> **Task objective**
Look below for the line containing "vidaXL Struttura letto". Write out that line and the rest through the last one, exactly as they appear, but without pictures.

:::::

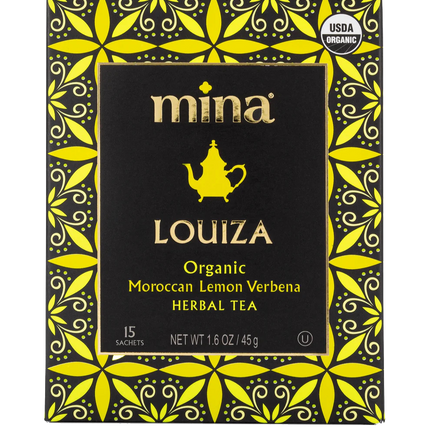 Louiza, Organic Moroccan Lemon Verbena Herbal Tea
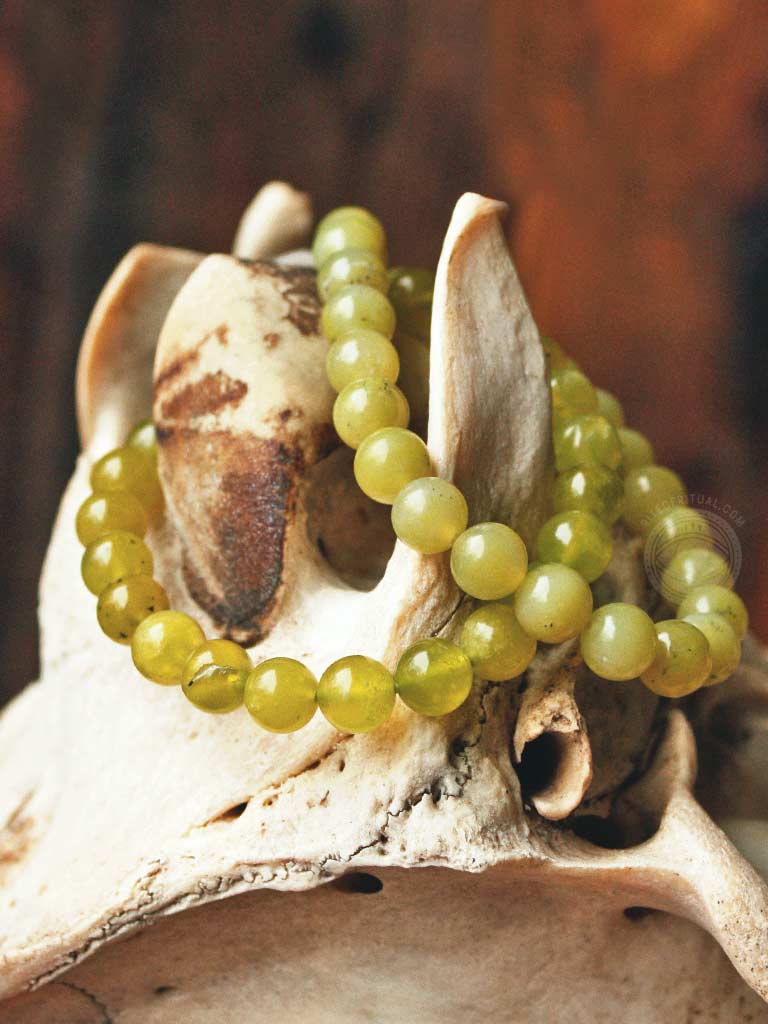 Serpentine Crystal Bracelet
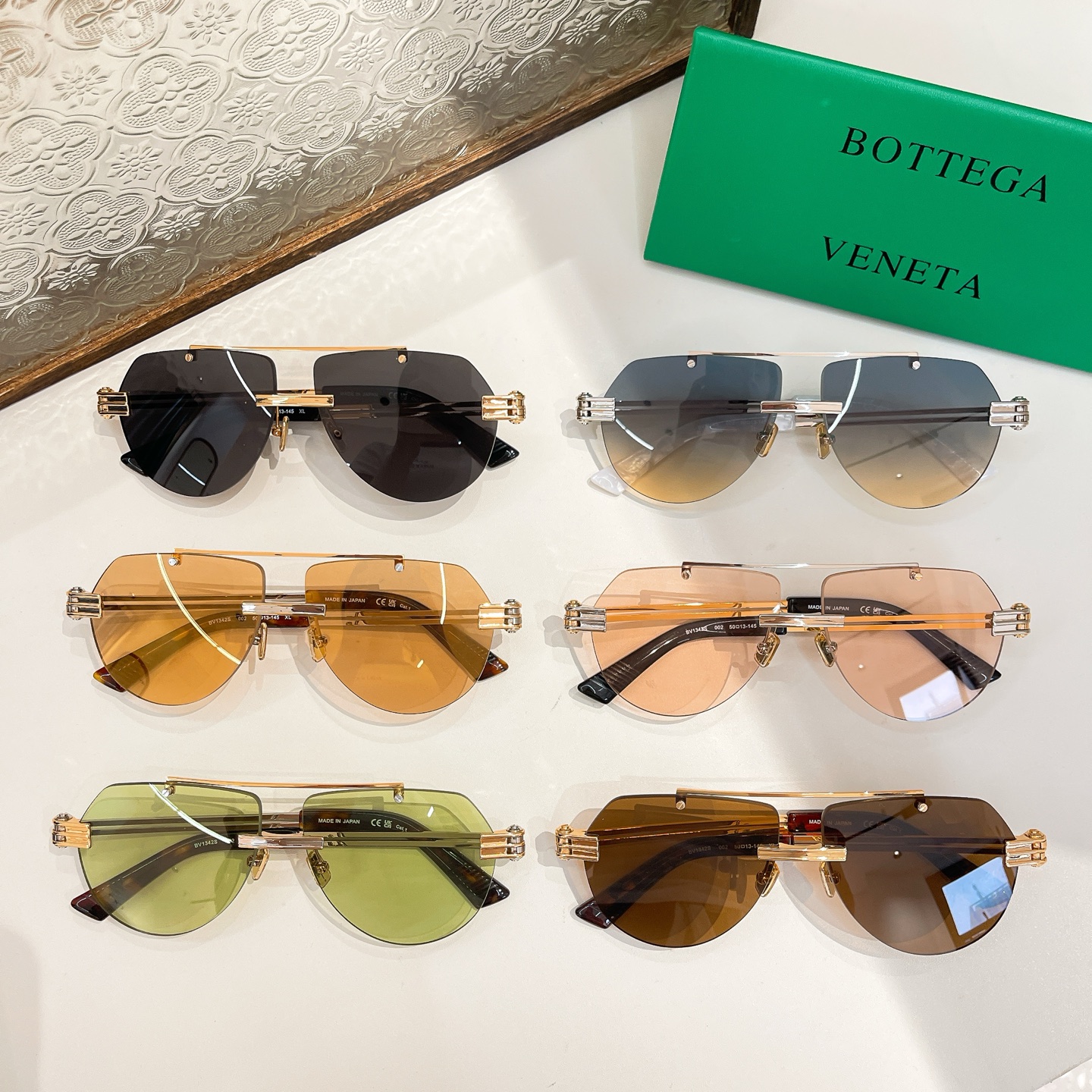BOTTEGA VENET*🌟🌟🌟MODEL：BV1342S 🌟🌟🌟SIZE：51口23-140🌟🌟🌟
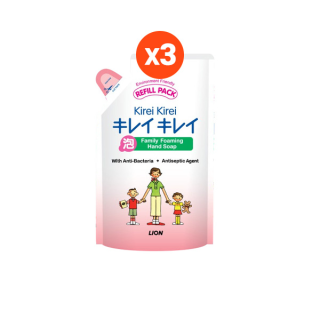 Kirei Kirei โฟมล้างมือ คิเรอิ คิเรอิ กลิ่น ออริจินัล Original ชนิดถุงเติม 200 ml 3 ถุง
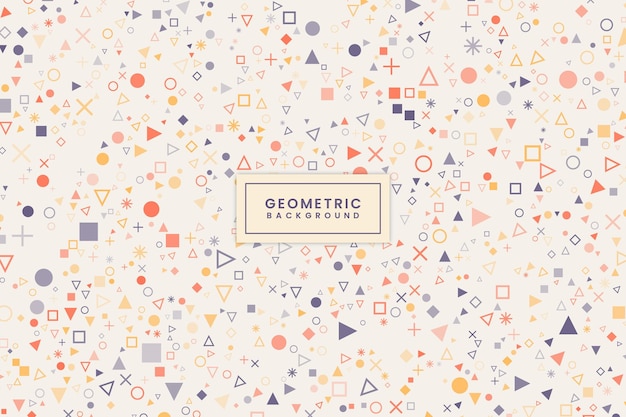 Diseño de fondo geométrico plano moderno
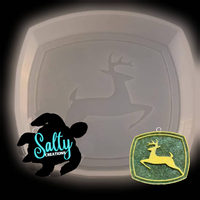 Leaping Deer Vent Clips - Silicone Mold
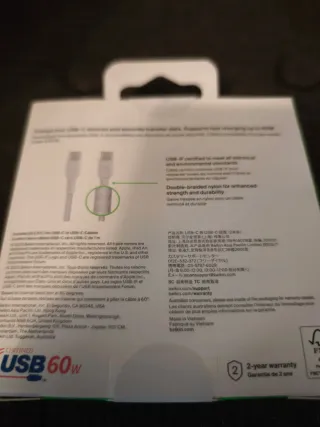 2 Cables Belkin BoostCharge USB-C a USB-C
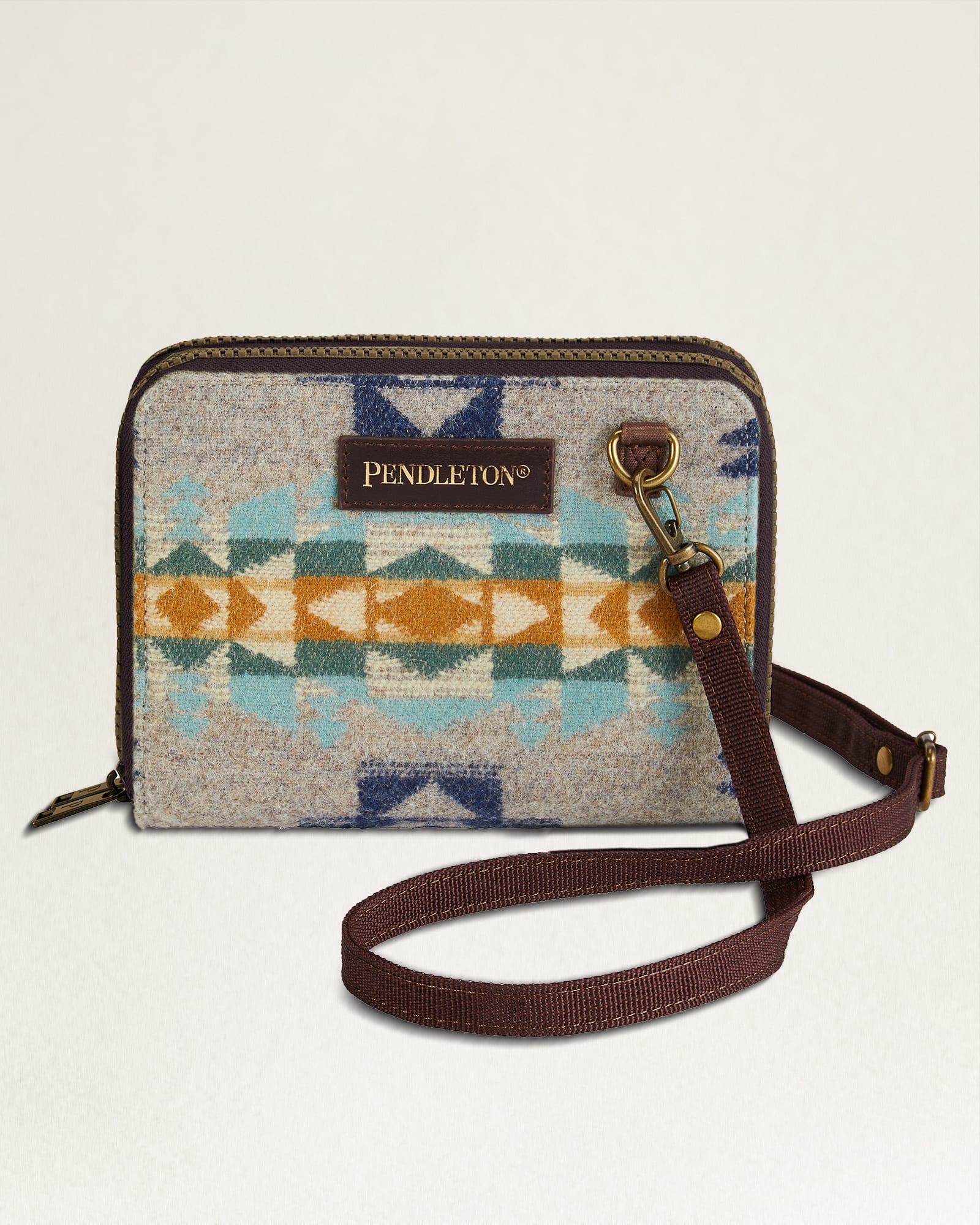 DESERT DAWN WOOL/LEATHER CROSSBODY ORGANIZER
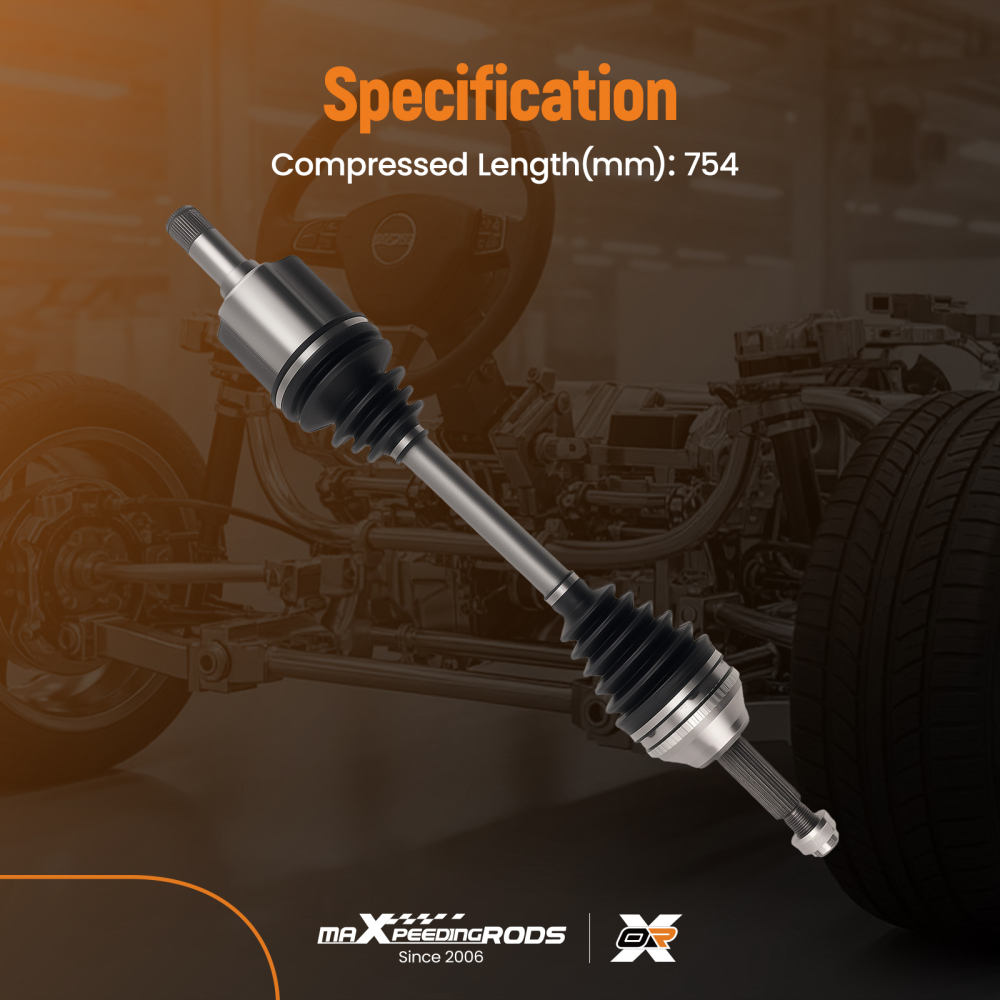 Drive Shaft Front LH compatible for Ford Transit TDCi 2.2 2.4 3.2 MK7 07 on 6 speed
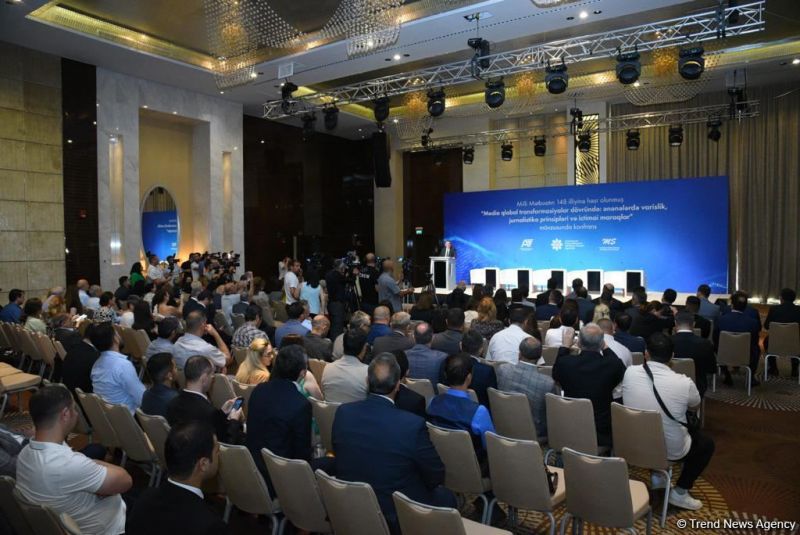 Mətbuat Şurası, MEDİA və Audiovizual Şura Milli Mətbuatın 148 illiyinə həsr olunmuş konfrans keçirdi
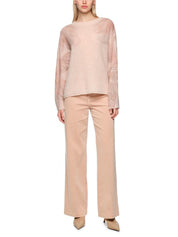 Strickpullover aus Alpakamix - 153 - Rosa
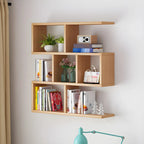 Wall-Mounted Bookshelf | Floating Poplar Wood | Widths 60–120 cm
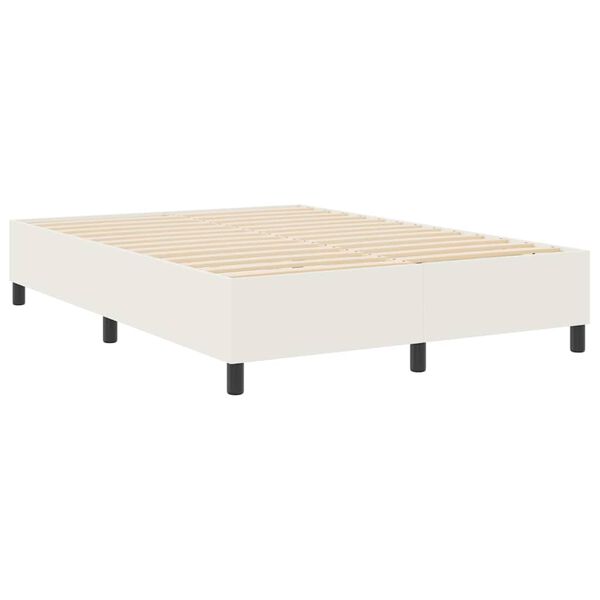 vidaXL Struttura letto piattaforma Crema 140 x 190 cm Tessuto
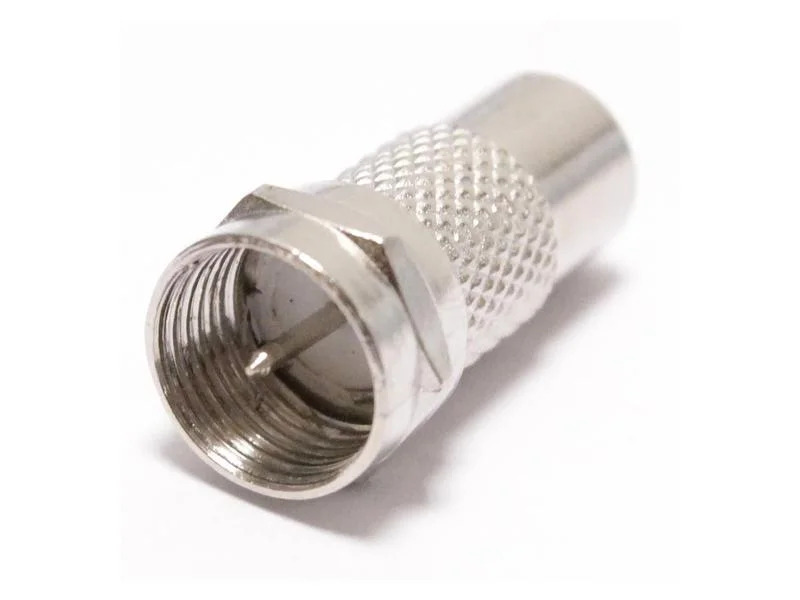 Adaptador Rf Macho para Rca Femea Metal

:::::

> **Response below**
 vidaXL Struttura letto piattaforma Crema 140 x 190 cm Tessuto
 Adaptador Rf Macho para Rca Femea Metal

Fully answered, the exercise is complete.